**What to work on**
Among the lines below, keep only those from the one containing "Excavator Hitachi ZX140WTB-6" through the one containing "Ramen, Japanese Appetizers, and", and reproduce them exactly.

◆ ◆ ◆ ◆ ◆

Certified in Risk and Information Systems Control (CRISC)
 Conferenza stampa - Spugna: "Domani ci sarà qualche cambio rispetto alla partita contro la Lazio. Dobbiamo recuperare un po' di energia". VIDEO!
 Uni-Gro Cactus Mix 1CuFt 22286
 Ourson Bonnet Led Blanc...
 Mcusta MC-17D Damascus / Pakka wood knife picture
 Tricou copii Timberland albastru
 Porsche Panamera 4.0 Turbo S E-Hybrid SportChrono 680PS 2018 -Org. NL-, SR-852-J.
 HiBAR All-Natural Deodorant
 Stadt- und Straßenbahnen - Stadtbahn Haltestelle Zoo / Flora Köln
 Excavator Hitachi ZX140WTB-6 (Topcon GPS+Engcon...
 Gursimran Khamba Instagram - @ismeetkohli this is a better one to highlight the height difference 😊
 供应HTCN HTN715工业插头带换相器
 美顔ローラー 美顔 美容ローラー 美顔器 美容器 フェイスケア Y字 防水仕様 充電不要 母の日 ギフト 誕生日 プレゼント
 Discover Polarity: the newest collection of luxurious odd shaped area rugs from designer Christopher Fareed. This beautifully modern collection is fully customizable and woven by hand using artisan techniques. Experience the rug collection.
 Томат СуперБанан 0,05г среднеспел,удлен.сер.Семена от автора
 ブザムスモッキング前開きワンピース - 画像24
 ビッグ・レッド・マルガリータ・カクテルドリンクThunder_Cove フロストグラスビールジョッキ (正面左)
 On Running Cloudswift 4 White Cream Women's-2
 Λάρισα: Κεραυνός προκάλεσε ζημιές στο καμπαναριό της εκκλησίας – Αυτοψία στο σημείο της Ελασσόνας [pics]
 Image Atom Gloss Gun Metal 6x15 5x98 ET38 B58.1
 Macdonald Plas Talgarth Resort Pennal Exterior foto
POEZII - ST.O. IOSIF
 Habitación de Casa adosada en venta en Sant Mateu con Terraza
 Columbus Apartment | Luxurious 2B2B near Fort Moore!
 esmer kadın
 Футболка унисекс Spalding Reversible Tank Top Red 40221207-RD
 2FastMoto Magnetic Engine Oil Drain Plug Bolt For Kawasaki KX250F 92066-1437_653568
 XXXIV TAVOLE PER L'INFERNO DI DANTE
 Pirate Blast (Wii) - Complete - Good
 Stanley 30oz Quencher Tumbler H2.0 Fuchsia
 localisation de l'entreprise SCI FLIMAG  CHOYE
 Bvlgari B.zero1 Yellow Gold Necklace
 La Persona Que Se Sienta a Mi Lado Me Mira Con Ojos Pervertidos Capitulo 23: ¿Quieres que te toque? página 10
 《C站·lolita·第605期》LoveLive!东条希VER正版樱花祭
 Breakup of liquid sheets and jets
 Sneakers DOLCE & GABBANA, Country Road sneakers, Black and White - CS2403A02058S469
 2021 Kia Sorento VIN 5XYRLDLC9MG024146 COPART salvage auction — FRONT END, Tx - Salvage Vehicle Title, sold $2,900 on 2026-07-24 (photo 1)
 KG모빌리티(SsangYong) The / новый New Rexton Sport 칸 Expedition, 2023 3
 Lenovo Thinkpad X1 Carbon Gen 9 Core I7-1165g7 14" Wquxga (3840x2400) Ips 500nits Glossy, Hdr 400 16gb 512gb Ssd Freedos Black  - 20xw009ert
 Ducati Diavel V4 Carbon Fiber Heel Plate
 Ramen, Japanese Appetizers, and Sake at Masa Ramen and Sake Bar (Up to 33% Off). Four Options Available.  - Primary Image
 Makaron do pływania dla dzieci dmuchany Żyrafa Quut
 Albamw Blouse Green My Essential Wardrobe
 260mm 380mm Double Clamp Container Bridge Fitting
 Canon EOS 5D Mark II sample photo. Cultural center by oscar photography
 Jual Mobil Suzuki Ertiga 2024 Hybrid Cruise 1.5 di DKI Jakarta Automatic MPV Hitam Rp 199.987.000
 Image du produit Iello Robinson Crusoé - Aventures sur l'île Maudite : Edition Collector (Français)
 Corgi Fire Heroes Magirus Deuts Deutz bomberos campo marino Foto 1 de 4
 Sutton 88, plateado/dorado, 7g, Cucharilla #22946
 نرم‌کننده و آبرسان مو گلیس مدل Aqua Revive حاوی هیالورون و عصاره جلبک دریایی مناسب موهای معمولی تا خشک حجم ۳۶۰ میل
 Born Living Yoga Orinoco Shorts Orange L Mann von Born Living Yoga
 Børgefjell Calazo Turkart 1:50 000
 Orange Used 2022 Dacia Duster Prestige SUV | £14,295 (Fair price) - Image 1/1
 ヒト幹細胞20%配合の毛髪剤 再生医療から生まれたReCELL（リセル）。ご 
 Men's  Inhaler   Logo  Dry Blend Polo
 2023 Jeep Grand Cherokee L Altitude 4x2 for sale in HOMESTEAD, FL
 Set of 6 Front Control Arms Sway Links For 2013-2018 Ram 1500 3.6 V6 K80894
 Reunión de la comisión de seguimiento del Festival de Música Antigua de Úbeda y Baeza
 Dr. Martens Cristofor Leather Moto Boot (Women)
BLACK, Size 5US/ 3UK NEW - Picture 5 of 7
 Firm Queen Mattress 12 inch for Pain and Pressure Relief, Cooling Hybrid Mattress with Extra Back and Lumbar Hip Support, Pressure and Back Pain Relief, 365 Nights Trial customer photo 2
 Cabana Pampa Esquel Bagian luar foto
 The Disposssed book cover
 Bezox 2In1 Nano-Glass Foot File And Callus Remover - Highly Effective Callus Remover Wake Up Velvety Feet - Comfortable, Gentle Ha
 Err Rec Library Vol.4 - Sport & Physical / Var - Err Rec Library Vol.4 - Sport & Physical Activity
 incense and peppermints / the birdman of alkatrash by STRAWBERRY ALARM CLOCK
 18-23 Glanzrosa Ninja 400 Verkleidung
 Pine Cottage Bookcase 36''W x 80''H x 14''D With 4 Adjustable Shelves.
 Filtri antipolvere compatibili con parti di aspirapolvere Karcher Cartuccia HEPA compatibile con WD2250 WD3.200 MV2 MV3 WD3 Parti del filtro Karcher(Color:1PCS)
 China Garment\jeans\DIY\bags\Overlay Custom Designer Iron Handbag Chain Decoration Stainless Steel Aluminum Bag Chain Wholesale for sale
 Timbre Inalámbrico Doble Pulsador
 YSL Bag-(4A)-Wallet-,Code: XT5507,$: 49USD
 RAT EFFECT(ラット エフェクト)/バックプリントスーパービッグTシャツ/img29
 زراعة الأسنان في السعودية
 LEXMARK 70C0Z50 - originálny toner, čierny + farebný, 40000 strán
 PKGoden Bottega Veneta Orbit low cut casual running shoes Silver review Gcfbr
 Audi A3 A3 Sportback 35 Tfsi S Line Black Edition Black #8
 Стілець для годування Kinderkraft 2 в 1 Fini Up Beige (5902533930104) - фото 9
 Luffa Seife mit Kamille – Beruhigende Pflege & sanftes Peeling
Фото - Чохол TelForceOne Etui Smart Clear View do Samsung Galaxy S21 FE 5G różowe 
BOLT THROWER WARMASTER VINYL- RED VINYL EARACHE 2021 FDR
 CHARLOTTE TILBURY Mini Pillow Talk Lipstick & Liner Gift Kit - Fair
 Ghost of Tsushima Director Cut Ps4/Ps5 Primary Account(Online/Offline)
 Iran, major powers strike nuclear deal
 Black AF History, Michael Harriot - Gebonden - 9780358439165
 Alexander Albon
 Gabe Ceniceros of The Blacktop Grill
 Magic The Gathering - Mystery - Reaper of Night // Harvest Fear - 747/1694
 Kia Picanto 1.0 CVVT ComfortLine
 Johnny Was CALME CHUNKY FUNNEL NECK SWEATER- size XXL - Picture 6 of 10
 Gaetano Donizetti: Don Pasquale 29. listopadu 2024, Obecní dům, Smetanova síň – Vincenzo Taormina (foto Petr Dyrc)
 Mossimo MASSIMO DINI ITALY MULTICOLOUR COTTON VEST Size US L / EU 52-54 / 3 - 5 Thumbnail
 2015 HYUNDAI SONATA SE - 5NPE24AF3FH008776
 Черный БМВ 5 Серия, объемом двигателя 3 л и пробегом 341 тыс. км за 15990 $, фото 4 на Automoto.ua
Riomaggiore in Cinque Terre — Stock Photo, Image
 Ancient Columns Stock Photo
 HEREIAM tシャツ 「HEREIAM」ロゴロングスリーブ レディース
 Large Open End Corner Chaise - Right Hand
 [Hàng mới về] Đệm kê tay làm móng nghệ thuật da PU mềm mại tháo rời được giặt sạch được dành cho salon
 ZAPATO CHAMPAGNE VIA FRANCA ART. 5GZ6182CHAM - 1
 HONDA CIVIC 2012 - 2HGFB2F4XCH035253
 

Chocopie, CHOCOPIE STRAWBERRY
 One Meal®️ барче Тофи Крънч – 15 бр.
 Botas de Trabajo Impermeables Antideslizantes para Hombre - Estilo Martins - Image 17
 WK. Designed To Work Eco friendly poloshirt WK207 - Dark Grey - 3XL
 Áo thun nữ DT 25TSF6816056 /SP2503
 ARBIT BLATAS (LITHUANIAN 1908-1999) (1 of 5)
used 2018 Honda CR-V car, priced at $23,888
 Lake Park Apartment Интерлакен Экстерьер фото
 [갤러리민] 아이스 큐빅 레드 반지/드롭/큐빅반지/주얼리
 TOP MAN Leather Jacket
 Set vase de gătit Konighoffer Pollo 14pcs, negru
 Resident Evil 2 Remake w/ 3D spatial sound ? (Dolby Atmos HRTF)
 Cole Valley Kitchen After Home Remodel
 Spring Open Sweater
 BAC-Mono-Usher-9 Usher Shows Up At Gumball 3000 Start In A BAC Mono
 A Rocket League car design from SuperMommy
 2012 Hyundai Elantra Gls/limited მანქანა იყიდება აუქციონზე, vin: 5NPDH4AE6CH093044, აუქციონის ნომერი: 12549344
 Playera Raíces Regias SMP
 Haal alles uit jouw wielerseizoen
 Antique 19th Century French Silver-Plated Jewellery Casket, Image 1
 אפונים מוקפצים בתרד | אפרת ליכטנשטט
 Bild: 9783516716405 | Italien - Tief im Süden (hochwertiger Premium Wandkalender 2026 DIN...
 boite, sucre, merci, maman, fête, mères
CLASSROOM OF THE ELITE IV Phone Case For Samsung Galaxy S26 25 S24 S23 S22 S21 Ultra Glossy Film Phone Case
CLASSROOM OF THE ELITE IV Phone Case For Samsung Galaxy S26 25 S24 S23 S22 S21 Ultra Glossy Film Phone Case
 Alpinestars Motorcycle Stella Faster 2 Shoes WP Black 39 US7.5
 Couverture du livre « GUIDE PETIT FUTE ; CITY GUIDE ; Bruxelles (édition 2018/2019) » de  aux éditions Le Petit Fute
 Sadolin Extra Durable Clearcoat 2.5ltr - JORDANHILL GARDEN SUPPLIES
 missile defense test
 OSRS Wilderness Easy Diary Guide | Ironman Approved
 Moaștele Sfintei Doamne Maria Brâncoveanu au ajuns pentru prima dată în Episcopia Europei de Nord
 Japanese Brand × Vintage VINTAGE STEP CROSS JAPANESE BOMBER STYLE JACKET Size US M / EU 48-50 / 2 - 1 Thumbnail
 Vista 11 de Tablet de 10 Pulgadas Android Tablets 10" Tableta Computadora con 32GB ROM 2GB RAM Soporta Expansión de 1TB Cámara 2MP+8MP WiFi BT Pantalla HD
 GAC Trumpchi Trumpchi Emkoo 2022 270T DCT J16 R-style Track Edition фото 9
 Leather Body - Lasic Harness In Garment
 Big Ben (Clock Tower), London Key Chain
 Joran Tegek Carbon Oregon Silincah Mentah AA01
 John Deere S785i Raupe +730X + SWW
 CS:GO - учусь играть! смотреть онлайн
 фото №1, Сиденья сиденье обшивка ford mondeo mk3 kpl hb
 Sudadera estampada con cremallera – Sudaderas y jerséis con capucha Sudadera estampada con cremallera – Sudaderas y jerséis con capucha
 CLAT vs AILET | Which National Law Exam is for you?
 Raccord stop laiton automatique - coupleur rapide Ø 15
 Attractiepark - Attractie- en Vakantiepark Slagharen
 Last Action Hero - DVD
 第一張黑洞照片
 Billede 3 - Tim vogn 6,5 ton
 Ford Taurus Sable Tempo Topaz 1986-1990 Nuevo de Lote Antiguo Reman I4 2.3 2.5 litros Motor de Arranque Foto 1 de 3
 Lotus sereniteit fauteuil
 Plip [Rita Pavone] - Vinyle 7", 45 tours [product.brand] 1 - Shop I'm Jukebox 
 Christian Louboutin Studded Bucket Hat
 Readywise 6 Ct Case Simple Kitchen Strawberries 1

◆ ◆ ◆ ◆ ◆

**Written answer**
 Excavator Hitachi ZX140WTB-6 (Topcon GPS+Engcon...
 Gursimran Khamba Instagram - @ismeetkohli this is a better one to highlight the height difference 😊
 供应HTCN HTN715工业插头带换相器
 美顔ローラー 美顔 美容ローラー 美顔器 美容器 フェイスケア Y字 防水仕様 充電不要 母の日 ギフト 誕生日 プレゼント
 Discover Polarity: the newest collection of luxurious odd shaped area rugs from designer Christopher Fareed. This beautifully modern collection is fully customizable and woven by hand using artisan techniques. Experience the rug collection.
 Томат СуперБанан 0,05г среднеспел,удлен.сер.Семена от автора
 ブザムスモッキング前開きワンピース - 画像24
 ビッグ・レッド・マルガリータ・カクテルドリンクThunder_Cove フロストグラスビールジョッキ (正面左)
 On Running Cloudswift 4 White Cream Women's-2
 Λάρισα: Κεραυνός προκάλεσε ζημιές στο καμπαναριό της εκκλησίας – Αυτοψία στο σημείο της Ελασσόνας [pics]
 Image Atom Gloss Gun Metal 6x15 5x98 ET38 B58.1
 Macdonald Plas Talgarth Resort Pennal Exterior foto
POEZII - ST.O. IOSIF
 Habitación de Casa adosada en venta en Sant Mateu con Terraza
 Columbus Apartment | Luxurious 2B2B near Fort Moore!
 esmer kadın
 Футболка унисекс Spalding Reversible Tank Top Red 40221207-RD
 2FastMoto Magnetic Engine Oil Drain Plug Bolt For Kawasaki KX250F 92066-1437_653568
 XXXIV TAVOLE PER L'INFERNO DI DANTE
 Pirate Blast (Wii) - Complete - Good
 Stanley 30oz Quencher Tumbler H2.0 Fuchsia
 localisation de l'entreprise SCI FLIMAG  CHOYE
 Bvlgari B.zero1 Yellow Gold Necklace
 La Persona Que Se Sienta a Mi Lado Me Mira Con Ojos Pervertidos Capitulo 23: ¿Quieres que te toque? página 10
 《C站·lolita·第605期》LoveLive!东条希VER正版樱花祭
 Breakup of liquid sheets and jets
 Sneakers DOLCE & GABBANA, Country Road sneakers, Black and White - CS2403A02058S469
 2021 Kia Sorento VIN 5XYRLDLC9MG024146 COPART salvage auction — FRONT END, Tx - Salvage Vehicle Title, sold $2,900 on 2026-07-24 (photo 1)
 KG모빌리티(SsangYong) The / новый New Rexton Sport 칸 Expedition, 2023 3
 Lenovo Thinkpad X1 Carbon Gen 9 Core I7-1165g7 14" Wquxga (3840x2400) Ips 500nits Glossy, Hdr 400 16gb 512gb Ssd Freedos Black  - 20xw009ert
 Ducati Diavel V4 Carbon Fiber Heel Plate
 Ramen, Japanese Appetizers, and Sake at Masa Ramen and Sake Bar (Up to 33% Off). Four Options Available.  - Primary Image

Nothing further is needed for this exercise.